▶ [Work instruction]: Beginning with the line that holds "Banana Republic Nessa" in the data below, give again every line through the one that holds "Women's hoodie with", exactly as written.

▶ [Records to use]:
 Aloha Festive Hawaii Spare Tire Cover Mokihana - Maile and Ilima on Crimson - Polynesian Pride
---
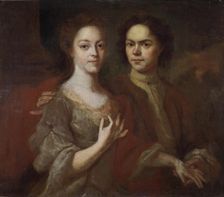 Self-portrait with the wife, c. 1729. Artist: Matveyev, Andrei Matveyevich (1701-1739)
==
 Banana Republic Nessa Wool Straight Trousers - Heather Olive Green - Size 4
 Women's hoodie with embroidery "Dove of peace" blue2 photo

▶ [Answer for this exercise]:
 Banana Republic Nessa Wool Straight Trousers - Heather Olive Green - Size 4
 Women's hoodie with embroidery "Dove of peace" blue2 photo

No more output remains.